"[SOLVED] Accessing Text Data in Blob in MySQL"

Datadude
Datadude New Altair Community Member
edited November 5 in Community Q&A
I'm trying to access a text stored in a Blob field in MySQL.  However as I'm putting my job together I"m getting an error message:

The example set must contain at least one text attribute.  

It doesn't seem like Rapid understands that there might be text data in that binary field.  I"m trying to figure out how to do the conversion so that Rapid Miner understands what is going on here.  I"m attempting to connect my Read Database component to my Process Documents from Data component so that the Process Documents from Data Component can execute upon the text residing in the binary field.  Is there a way to do this conversion in RapidMiner?

Answers

  • Hello,

    It's probably because you need to change the type of the attribute you're interested in to text. Use the "nominal to text" operator.

    Regards,

    Andrew
  • Datadude
    Datadude New Altair Community Member
    Ok...so I did that and I seem to be getting to the next step.  Thanks...but now I'm getting a another exception:

    Dec 16, 2012 11:39:00 PM SEVERE: Process failed: operator cannot be executed (java.lang.String cannot be cast to org.jdom.Text).

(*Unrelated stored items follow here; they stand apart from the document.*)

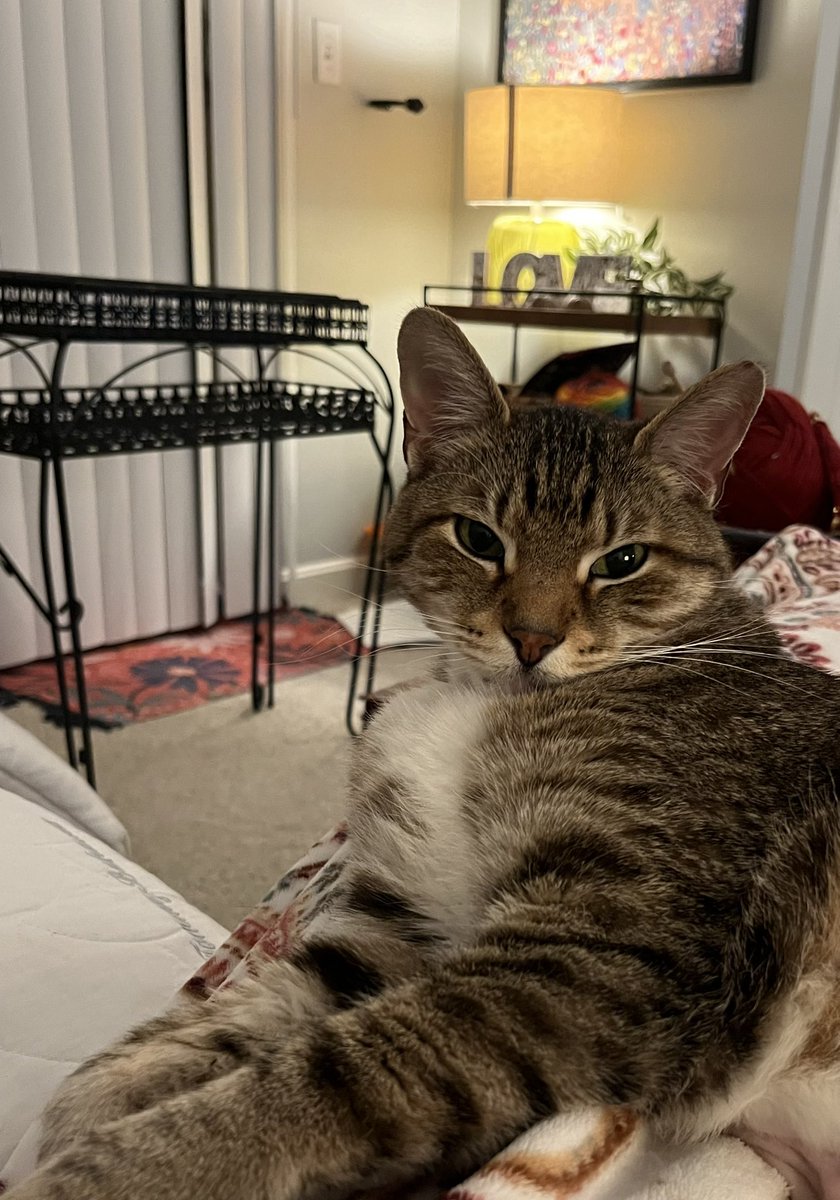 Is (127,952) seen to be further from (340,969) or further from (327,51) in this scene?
(327,51)

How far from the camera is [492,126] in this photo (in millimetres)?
3072

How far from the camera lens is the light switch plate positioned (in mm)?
3229

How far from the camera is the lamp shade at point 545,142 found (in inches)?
117

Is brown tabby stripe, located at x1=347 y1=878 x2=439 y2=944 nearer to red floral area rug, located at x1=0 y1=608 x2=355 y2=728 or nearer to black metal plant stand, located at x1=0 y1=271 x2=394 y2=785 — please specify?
black metal plant stand, located at x1=0 y1=271 x2=394 y2=785

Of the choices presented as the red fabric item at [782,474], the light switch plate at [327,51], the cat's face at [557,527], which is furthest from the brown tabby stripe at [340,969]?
the light switch plate at [327,51]

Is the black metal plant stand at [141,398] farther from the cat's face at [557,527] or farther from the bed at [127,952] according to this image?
the bed at [127,952]

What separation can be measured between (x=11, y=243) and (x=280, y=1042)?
271 centimetres

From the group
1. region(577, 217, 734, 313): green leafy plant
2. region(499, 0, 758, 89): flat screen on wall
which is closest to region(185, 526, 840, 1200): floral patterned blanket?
region(577, 217, 734, 313): green leafy plant

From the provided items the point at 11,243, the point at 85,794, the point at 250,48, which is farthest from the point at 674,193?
the point at 85,794

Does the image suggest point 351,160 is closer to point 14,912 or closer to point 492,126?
point 492,126

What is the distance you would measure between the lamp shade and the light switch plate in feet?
1.67

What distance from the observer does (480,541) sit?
1.07m

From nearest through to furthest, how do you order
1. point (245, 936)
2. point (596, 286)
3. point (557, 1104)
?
point (557, 1104) < point (245, 936) < point (596, 286)

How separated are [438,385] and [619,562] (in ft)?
1.01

Check the log messages...
    Dec 16, 2012 11:39:00 PM SEVERE: Here:          Process[1] (Process)
              subprocess 'Main Process'
                +- Read Database[1] (Read Database)
                +- Nominal to Text[1] (Nominal to Text)
                +- Process Documents from Data[1] (Process Documents from Data)
              subprocess 'Vector Creation'
          ==>        +- Extract Information[1] (Extract Information)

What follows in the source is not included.